This only works for the rfl::Field-syntax.

In some cases, we really only want to change one or a few fields, to get from one struct to another:

const auto lisa = Person{
    .first_name = "Lisa",
    .last_name = "Simpson",
    .children = std::vector<Person>()
};

// Returns a deep copy of the original object,
// replacing first_name.
const auto maggie =
    rfl::replace(lisa, rfl::make_field<"first_name">(std::string("Maggie")));

maggie is now a deep copy of lisa, but with a new first_name.

However, in some cases, we do not want or are unable to create a deep copy of a struct.

For instance, suppose we had put the field children into a rfl::Box:

struct Person {
    std::string first_name;
    std::string last_name;
    rfl::Box<std::vector<Person>> children;
};

rfl::Box cannot be copied, and if we naively try to apply rfl::replace to this, this will not compile (disabling copies is very much the point of rfl::Box).
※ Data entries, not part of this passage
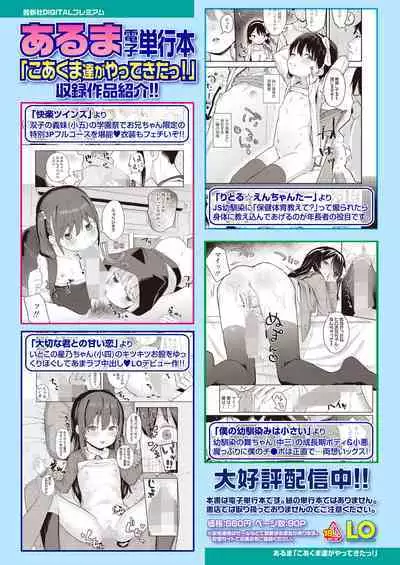 COMIC LOE VOL.3 Mini LO 1 Jikanme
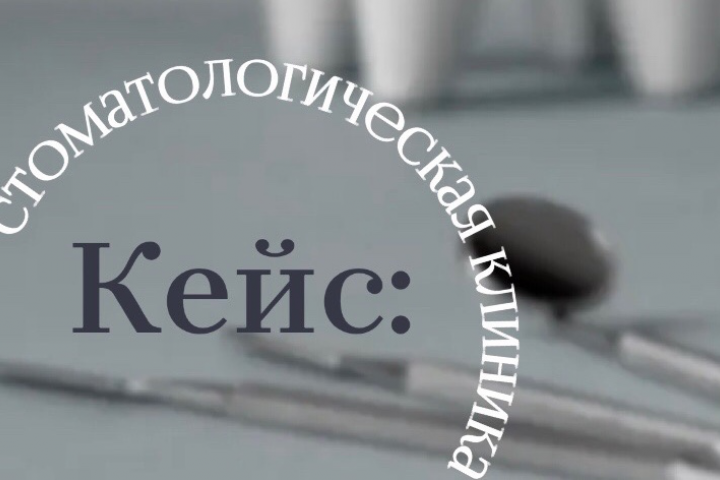 Стоматологическая клиника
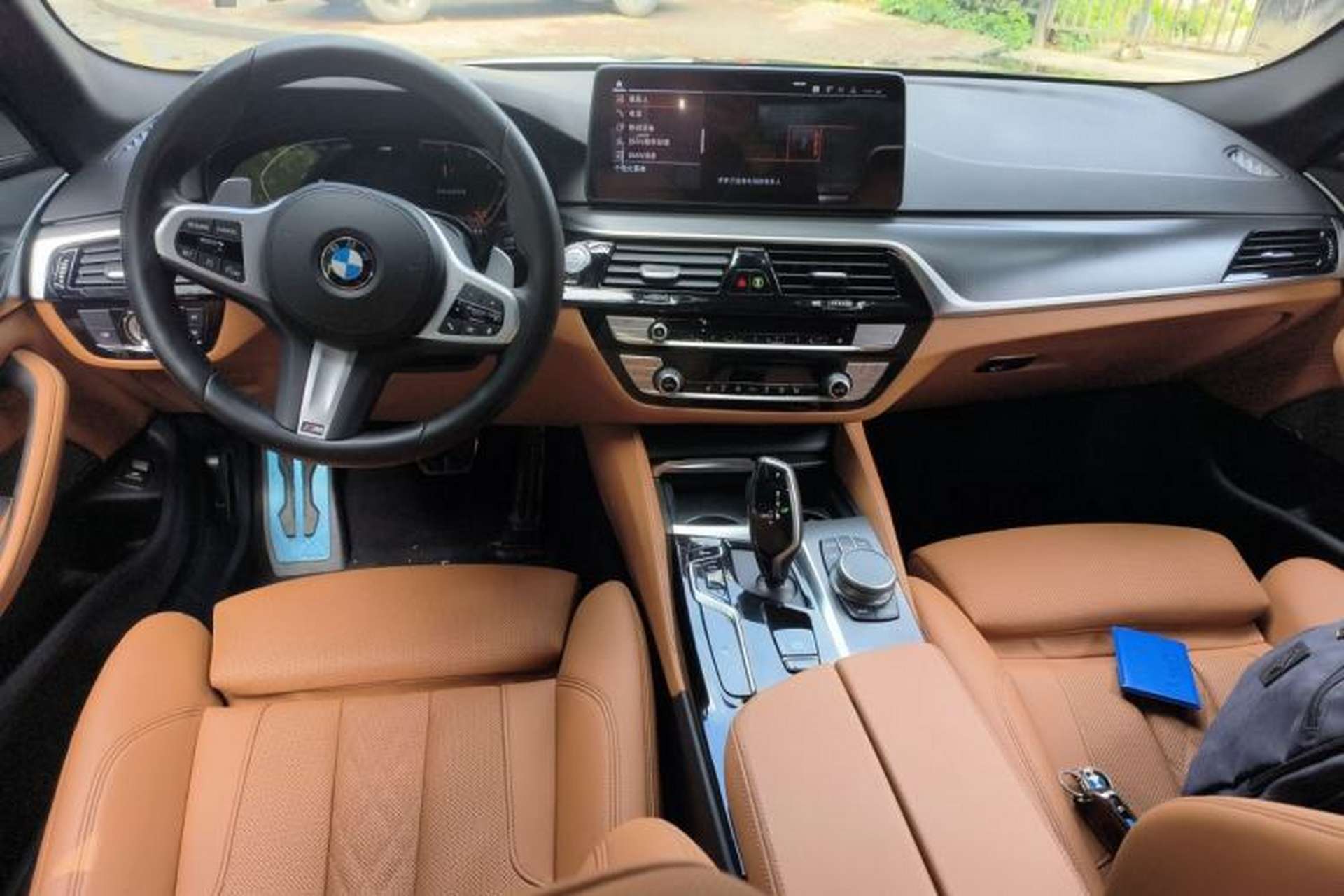 Used BMW 5 Series 2021 530i M Sport Package Center Console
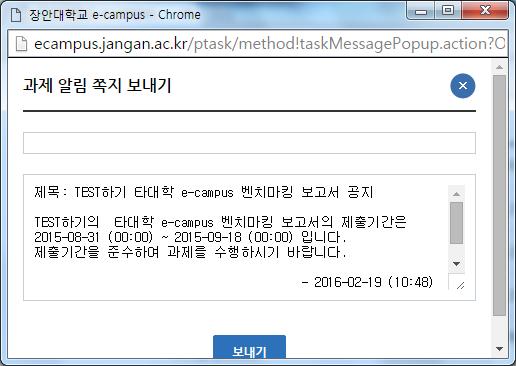 29 3. 기타주요기능 1) 과제출제및평가 / 피드백 e-campus 내에서는학습주제에따라학습자들에게과제를부여하고이를평가할수있습니다. 배운내용의적용과심화학습을위하여과제를제시해보세요.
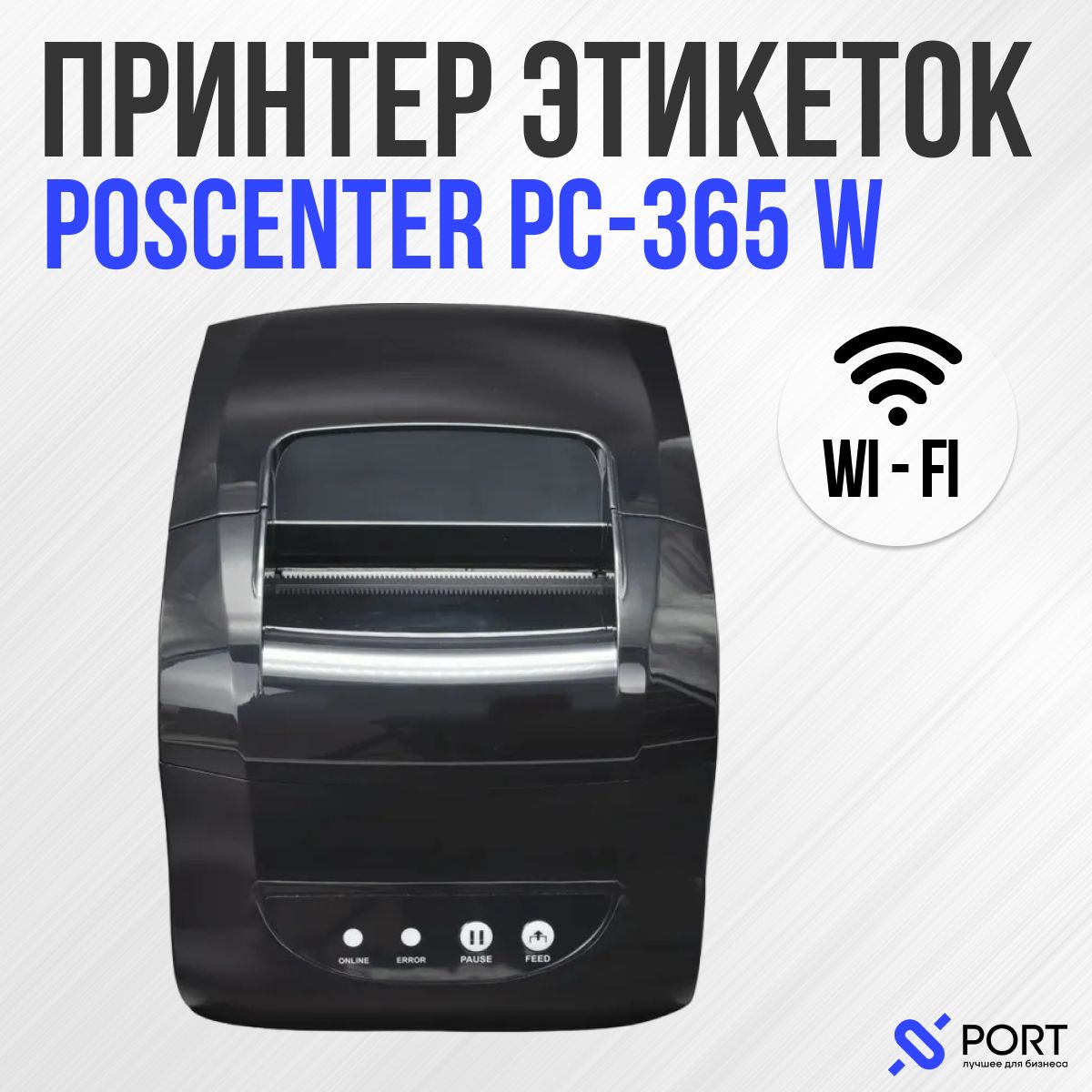 Термопринтер этикеток POScenter PC 365W, USB, WiFi, 203 dpi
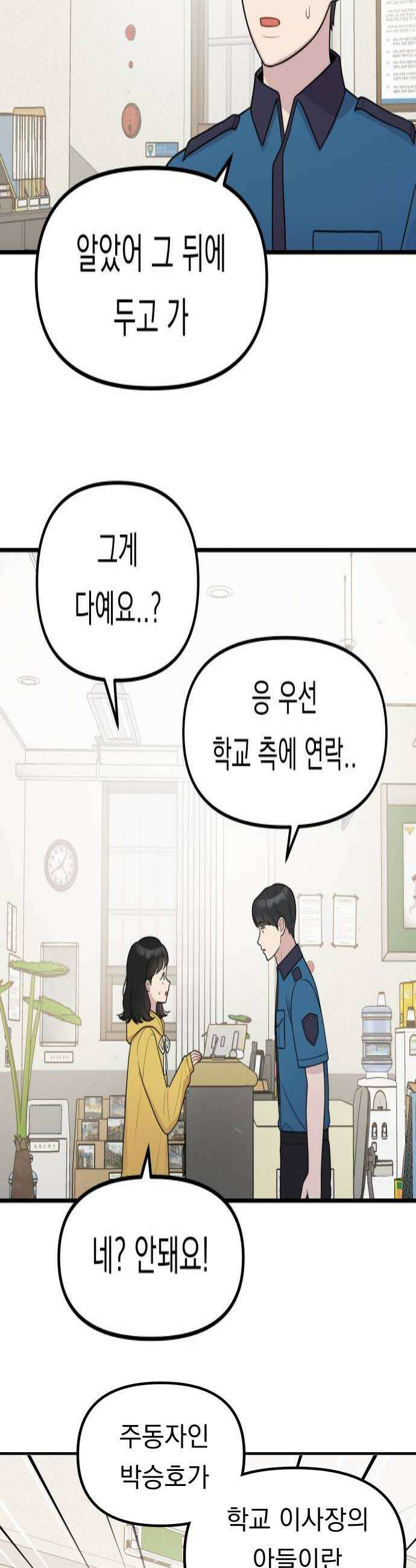 지유지요 42화 4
However, we can use std::move:

auto lisa = Person{.first_name = "Lisa",
                   .last_name = "Simpson",
                   .children = rfl::make_box<std::vector<Person>>()};

const auto maggie = rfl::replace(
    std::move(lisa), rfl::make_field<"firstName">(std::string("Maggie")));

The fields from lisa have now been moved into maggie.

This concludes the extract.